▶ [Brief descriptive captions]:

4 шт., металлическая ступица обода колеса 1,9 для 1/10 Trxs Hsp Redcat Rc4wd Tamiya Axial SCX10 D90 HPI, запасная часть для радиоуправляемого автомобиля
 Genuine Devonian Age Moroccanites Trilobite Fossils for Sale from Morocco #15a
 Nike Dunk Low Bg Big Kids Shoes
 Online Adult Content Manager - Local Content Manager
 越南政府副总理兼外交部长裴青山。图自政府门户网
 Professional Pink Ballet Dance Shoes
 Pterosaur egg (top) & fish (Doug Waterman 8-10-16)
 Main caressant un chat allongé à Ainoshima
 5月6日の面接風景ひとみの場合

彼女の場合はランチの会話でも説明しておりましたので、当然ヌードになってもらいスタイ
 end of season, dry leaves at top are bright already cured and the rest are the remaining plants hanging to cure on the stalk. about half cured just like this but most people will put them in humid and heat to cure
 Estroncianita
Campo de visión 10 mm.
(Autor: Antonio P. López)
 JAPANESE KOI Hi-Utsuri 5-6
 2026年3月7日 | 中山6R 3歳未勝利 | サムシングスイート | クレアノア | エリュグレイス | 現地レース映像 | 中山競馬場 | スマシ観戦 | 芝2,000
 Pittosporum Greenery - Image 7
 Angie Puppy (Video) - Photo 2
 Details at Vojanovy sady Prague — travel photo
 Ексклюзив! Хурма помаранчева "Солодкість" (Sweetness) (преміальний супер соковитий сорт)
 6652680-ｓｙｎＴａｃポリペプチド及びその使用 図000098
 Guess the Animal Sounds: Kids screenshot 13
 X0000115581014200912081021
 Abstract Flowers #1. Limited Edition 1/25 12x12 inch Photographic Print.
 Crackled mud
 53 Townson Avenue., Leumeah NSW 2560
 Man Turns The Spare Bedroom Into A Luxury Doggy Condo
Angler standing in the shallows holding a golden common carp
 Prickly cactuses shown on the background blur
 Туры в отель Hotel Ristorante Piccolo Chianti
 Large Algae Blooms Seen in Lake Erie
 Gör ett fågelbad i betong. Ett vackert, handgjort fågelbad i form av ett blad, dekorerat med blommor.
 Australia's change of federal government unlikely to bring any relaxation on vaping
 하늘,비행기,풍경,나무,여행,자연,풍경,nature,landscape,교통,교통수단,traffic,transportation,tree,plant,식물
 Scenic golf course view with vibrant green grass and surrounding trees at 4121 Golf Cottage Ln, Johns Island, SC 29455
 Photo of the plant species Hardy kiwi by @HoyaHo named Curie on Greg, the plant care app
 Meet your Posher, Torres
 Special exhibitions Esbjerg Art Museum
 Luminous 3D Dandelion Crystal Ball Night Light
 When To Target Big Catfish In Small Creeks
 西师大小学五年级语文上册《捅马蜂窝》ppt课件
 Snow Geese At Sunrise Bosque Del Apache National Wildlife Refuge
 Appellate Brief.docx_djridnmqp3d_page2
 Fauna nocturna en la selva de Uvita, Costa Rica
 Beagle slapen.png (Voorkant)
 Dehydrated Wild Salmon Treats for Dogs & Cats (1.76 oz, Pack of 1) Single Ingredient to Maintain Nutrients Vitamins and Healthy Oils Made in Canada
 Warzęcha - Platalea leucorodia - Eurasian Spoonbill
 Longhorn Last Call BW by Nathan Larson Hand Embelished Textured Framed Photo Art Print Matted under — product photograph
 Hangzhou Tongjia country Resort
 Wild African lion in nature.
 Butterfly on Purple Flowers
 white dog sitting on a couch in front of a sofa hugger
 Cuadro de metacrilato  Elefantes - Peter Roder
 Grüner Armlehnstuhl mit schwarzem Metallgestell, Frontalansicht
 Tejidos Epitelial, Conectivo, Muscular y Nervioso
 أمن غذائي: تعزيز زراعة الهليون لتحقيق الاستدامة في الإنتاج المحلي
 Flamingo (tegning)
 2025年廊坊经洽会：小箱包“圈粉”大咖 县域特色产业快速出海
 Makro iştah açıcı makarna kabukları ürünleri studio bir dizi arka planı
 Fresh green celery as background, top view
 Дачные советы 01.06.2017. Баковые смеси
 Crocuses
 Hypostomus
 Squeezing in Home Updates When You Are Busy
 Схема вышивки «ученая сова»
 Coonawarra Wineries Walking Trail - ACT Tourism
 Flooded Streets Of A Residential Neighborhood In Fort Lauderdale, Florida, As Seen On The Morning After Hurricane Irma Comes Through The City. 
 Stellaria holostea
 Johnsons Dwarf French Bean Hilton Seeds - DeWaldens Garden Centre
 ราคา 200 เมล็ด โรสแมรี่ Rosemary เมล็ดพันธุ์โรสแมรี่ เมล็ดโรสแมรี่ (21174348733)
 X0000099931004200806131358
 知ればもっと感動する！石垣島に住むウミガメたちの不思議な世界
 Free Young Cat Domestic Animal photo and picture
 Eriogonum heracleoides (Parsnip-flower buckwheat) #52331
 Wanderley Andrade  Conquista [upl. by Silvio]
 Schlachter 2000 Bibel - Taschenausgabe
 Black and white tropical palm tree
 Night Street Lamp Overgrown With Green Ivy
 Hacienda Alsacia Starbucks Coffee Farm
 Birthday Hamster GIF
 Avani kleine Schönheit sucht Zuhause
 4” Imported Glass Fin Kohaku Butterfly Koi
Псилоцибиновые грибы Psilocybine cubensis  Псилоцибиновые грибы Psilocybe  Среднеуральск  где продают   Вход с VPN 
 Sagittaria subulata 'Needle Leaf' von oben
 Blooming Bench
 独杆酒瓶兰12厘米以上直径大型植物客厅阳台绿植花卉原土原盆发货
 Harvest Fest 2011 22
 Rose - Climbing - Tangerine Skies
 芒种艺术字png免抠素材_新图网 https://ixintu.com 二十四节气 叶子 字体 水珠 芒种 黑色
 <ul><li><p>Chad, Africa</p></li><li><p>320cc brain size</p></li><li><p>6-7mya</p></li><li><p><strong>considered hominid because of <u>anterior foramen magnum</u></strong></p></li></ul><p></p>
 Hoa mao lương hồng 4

▶ [BRIEF]:
Among the records above, only the lines between the line holding "Professional Pink Ballet Dance Shoes" and the line holding "西师大小学五年级语文上册《捅马蜂窝》ppt课件", inclusive, are to be output, exactly as written.

▶ [RESPONSE]:
 Professional Pink Ballet Dance Shoes
 Pterosaur egg (top) & fish (Doug Waterman 8-10-16)
 Main caressant un chat allongé à Ainoshima
 5月6日の面接風景ひとみの場合

彼女の場合はランチの会話でも説明しておりましたので、当然ヌードになってもらいスタイ
 end of season, dry leaves at top are bright already cured and the rest are the remaining plants hanging to cure on the stalk. about half cured just like this but most people will put them in humid and heat to cure
 Estroncianita
Campo de visión 10 mm.
(Autor: Antonio P. López)
 JAPANESE KOI Hi-Utsuri 5-6
 2026年3月7日 | 中山6R 3歳未勝利 | サムシングスイート | クレアノア | エリュグレイス | 現地レース映像 | 中山競馬場 | スマシ観戦 | 芝2,000
 Pittosporum Greenery - Image 7
 Angie Puppy (Video) - Photo 2
 Details at Vojanovy sady Prague — travel photo
 Ексклюзив! Хурма помаранчева "Солодкість" (Sweetness) (преміальний супер соковитий сорт)
 6652680-ｓｙｎＴａｃポリペプチド及びその使用 図000098
 Guess the Animal Sounds: Kids screenshot 13
 X0000115581014200912081021
 Abstract Flowers #1. Limited Edition 1/25 12x12 inch Photographic Print.
 Crackled mud
 53 Townson Avenue., Leumeah NSW 2560
 Man Turns The Spare Bedroom Into A Luxury Doggy Condo
Angler standing in the shallows holding a golden common carp
 Prickly cactuses shown on the background blur
 Туры в отель Hotel Ristorante Piccolo Chianti
 Large Algae Blooms Seen in Lake Erie
 Gör ett fågelbad i betong. Ett vackert, handgjort fågelbad i form av ett blad, dekorerat med blommor.
 Australia's change of federal government unlikely to bring any relaxation on vaping
 하늘,비행기,풍경,나무,여행,자연,풍경,nature,landscape,교통,교통수단,traffic,transportation,tree,plant,식물
 Scenic golf course view with vibrant green grass and surrounding trees at 4121 Golf Cottage Ln, Johns Island, SC 29455
 Photo of the plant species Hardy kiwi by @HoyaHo named Curie on Greg, the plant care app
 Meet your Posher, Torres
 Special exhibitions Esbjerg Art Museum
 Luminous 3D Dandelion Crystal Ball Night Light
 When To Target Big Catfish In Small Creeks
 西师大小学五年级语文上册《捅马蜂窝》ppt课件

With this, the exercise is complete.